** Opening STORED DATA block **

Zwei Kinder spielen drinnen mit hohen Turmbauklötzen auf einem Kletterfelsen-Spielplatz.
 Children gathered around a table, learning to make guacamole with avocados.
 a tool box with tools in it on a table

** Closing STORED DATA block **

WHAT IS REQUIRED: This exercise calls for an exact reproduction of the material.

WORKED SOLUTION:
Zwei Kinder spielen drinnen mit hohen Turmbauklötzen auf einem Kletterfelsen-Spielplatz.
 Children gathered around a table, learning to make guacamole with avocados.
 a tool box with tools in it on a table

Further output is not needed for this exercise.